WORKING DATA

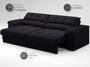 Imagem de Sofá com Carregador USB Retrátil Reclinável Mimo 2,30m Velosuede Preto - NETSOFAS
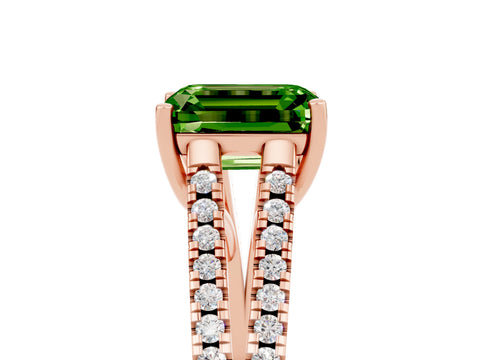 Rose gold Emerald Cut Peridot Solitaire Engagement Ring with Split Shank Pavé Band_5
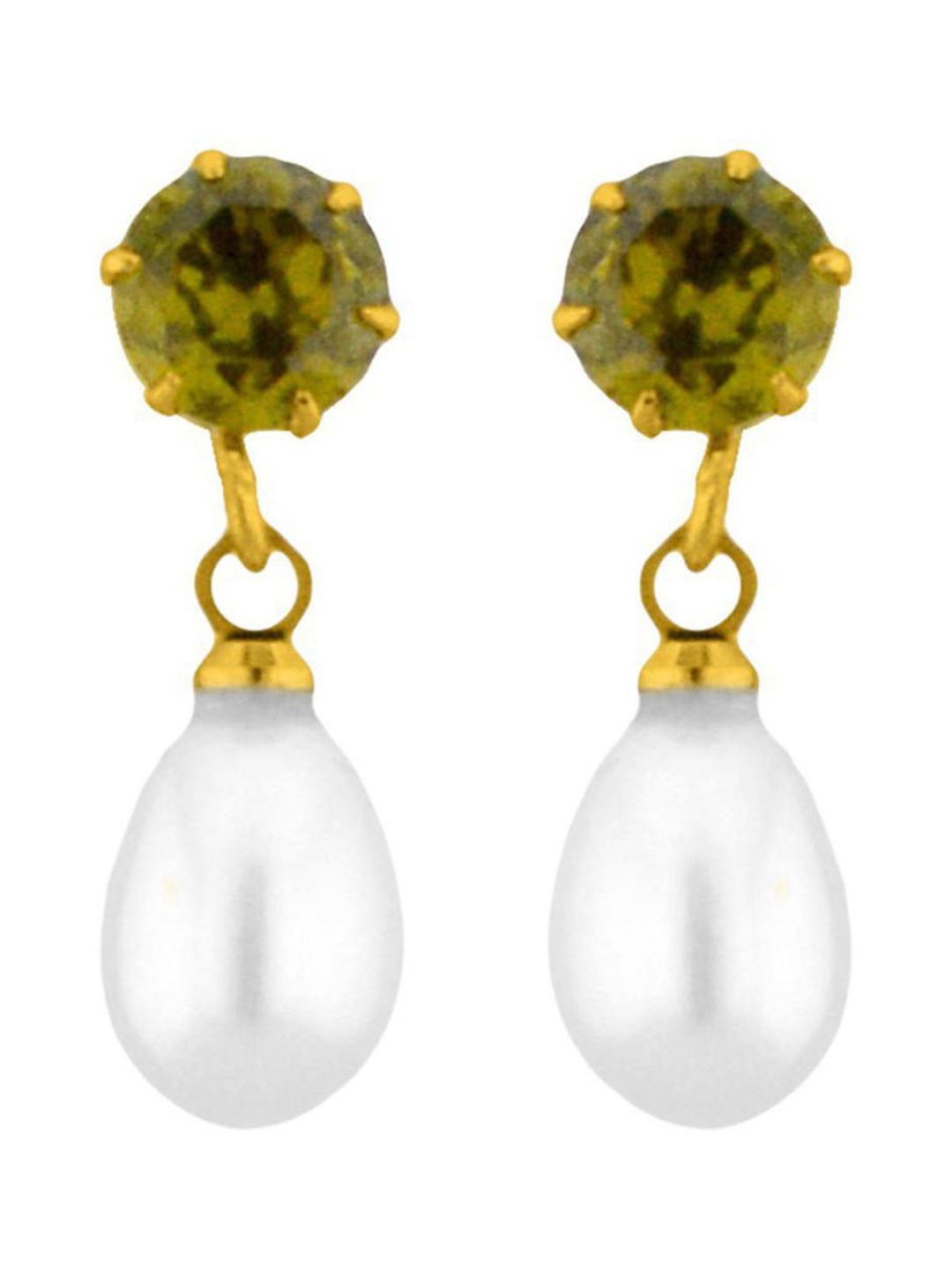 

Sri Jagdamba Pearls Dealer Gold-Plated Mother of Pearl Contemporary Drop Earrings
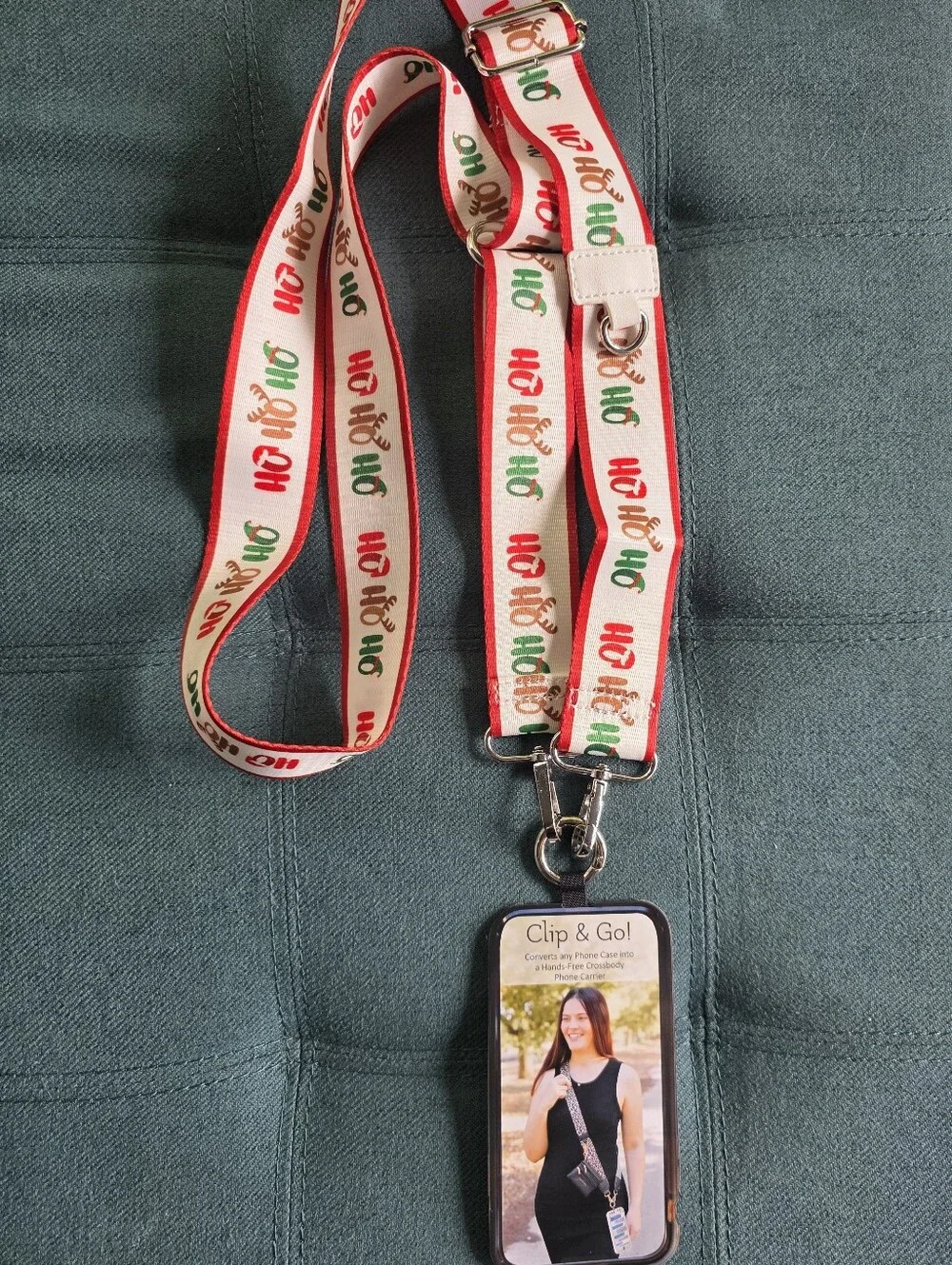 Holiday 'Ho Ho Ho' Red and White Lanyard with Phone Holder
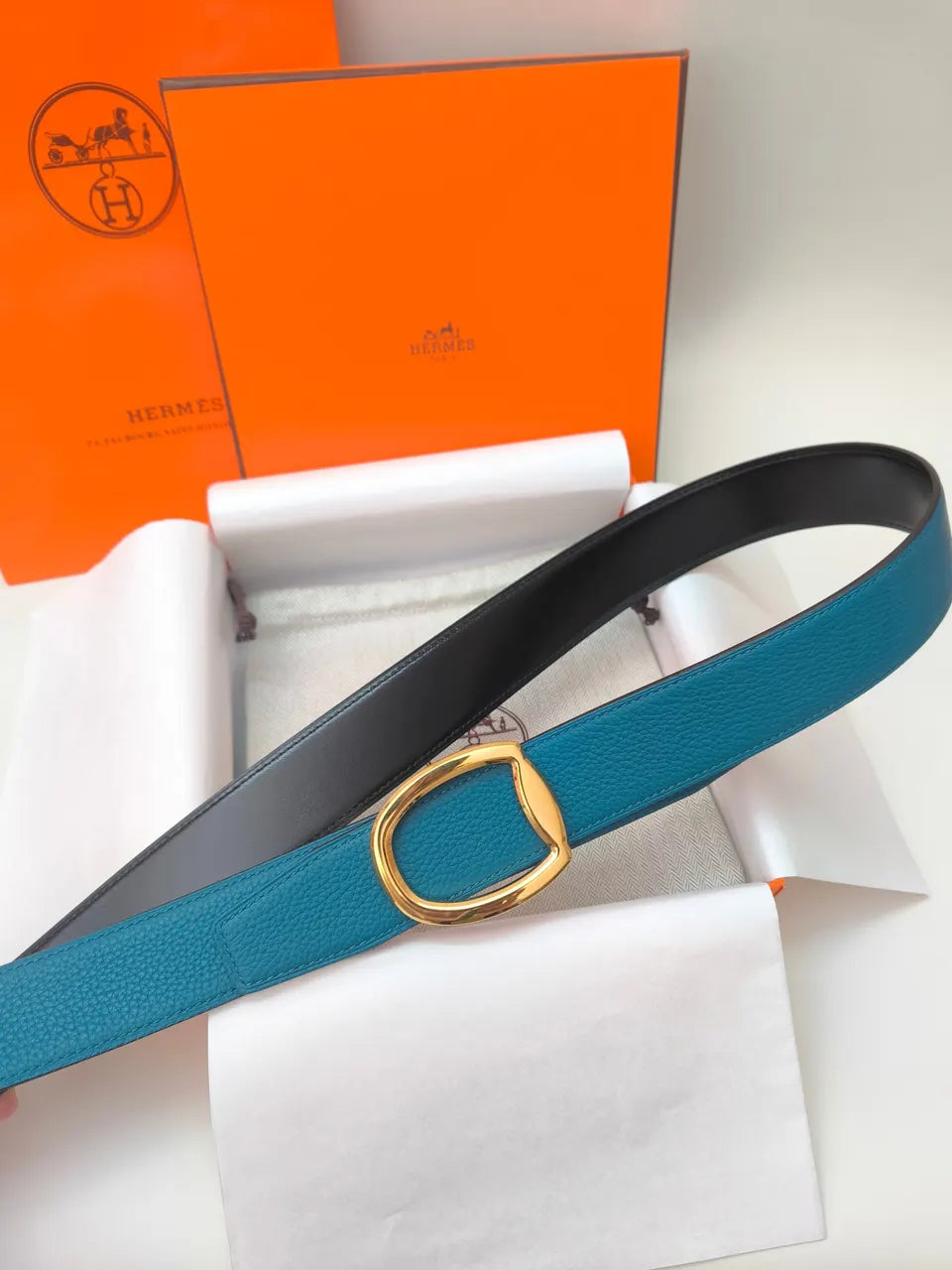 gold Hermes Teal Leather Belt - Hình 2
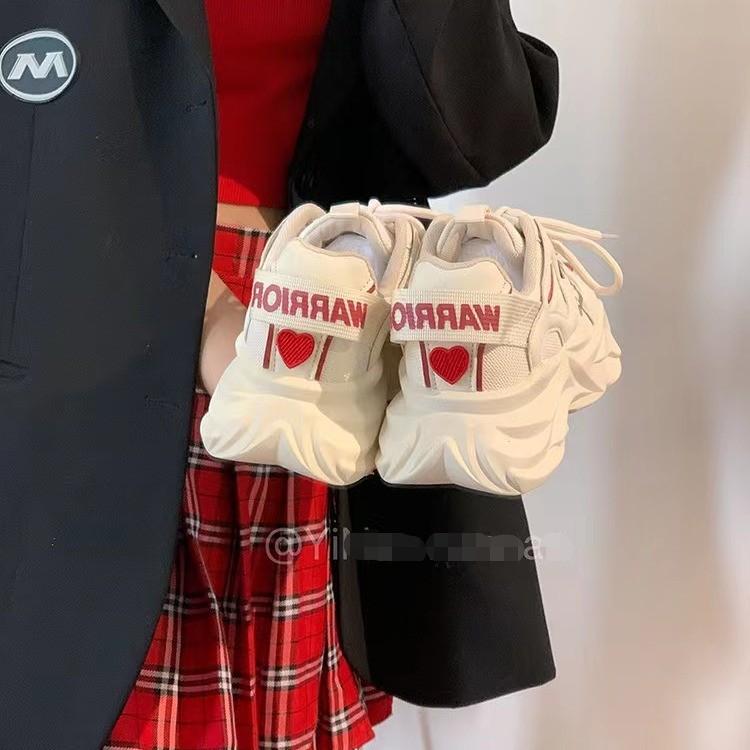 Love Dad Shoes 2025 Autumn Internet Celebrity Dopamine Platform Women's Shoes Spot Leisure Sports Student White Shoes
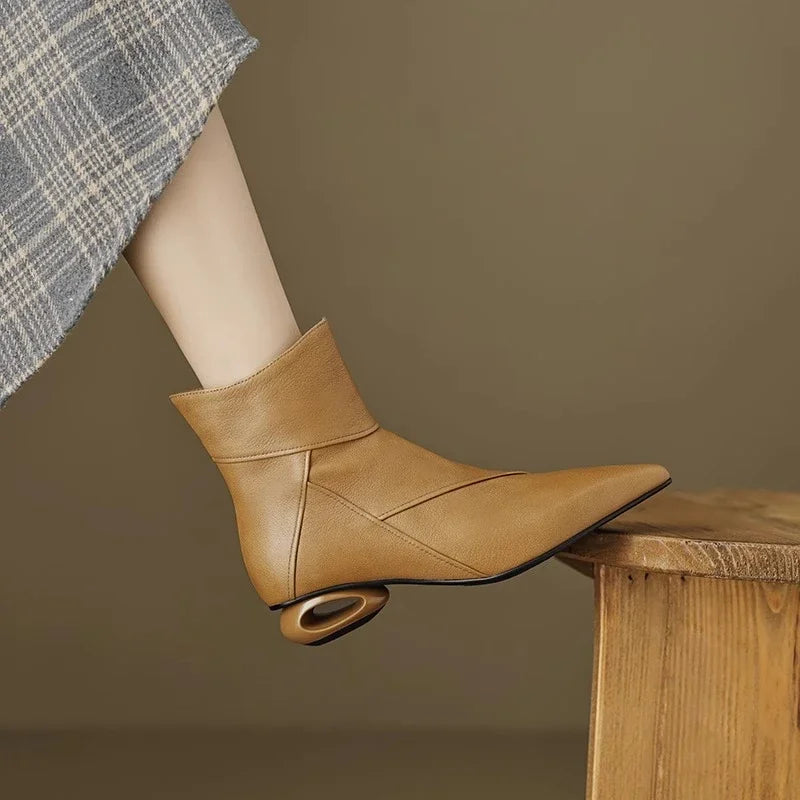 Retro French Pointed Toe Ankle Boots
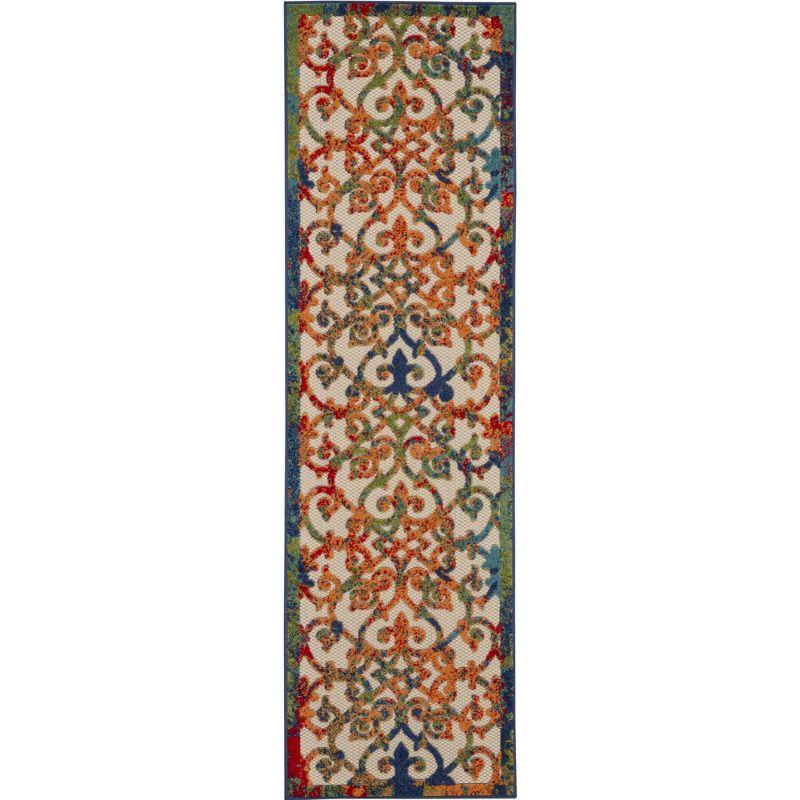 Nourison Aloha Contemporary Scroll Flatweave High-Low Indoor Outdoor Runner Rug Multicolor 2'3" x 12'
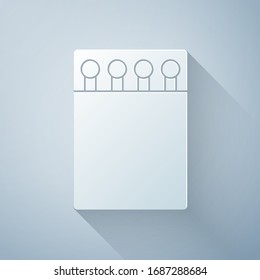Paper cut Open matchbox and matches icon isolated on grey background. Paper art style. Vector Illustration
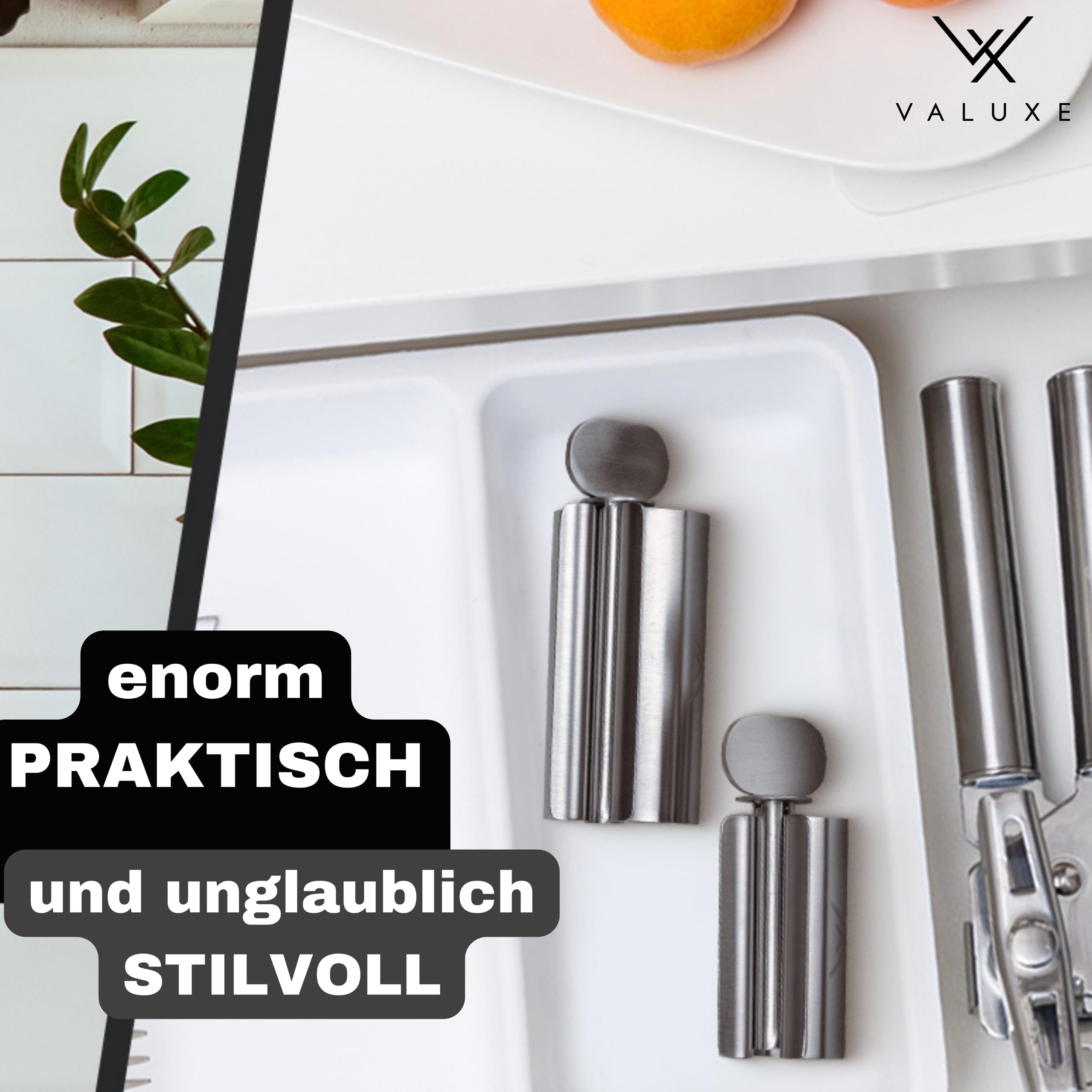 VALUXE® Wyciskarka do tubek premium [2 x mały] – wyciskacz pasty do zębów ze stali nierdzewnej – efektywna prasa do tubek – w zestawie szlufka do zawieszania – wyciśnięcia bez resztek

ACTIVITY
Copy exactly the part of the material above that opens with the line containing "Sri Jagdamba Pearls" and closes with the line containing "Paper cut Open", ends included. Drop the images.

RESPONSE TO THIS EXERCISE
Sri Jagdamba Pearls Dealer Gold-Plated Mother of Pearl Contemporary Drop Earrings
 Holiday 'Ho Ho Ho' Red and White Lanyard with Phone Holder
 gold Hermes Teal Leather Belt - Hình 2
 Love Dad Shoes 2025 Autumn Internet Celebrity Dopamine Platform Women's Shoes Spot Leisure Sports Student White Shoes
 Retro French Pointed Toe Ankle Boots
 Nourison Aloha Contemporary Scroll Flatweave High-Low Indoor Outdoor Runner Rug Multicolor 2'3" x 12'
Paper cut Open matchbox and matches icon isolated on grey background. Paper art style. Vector Illustration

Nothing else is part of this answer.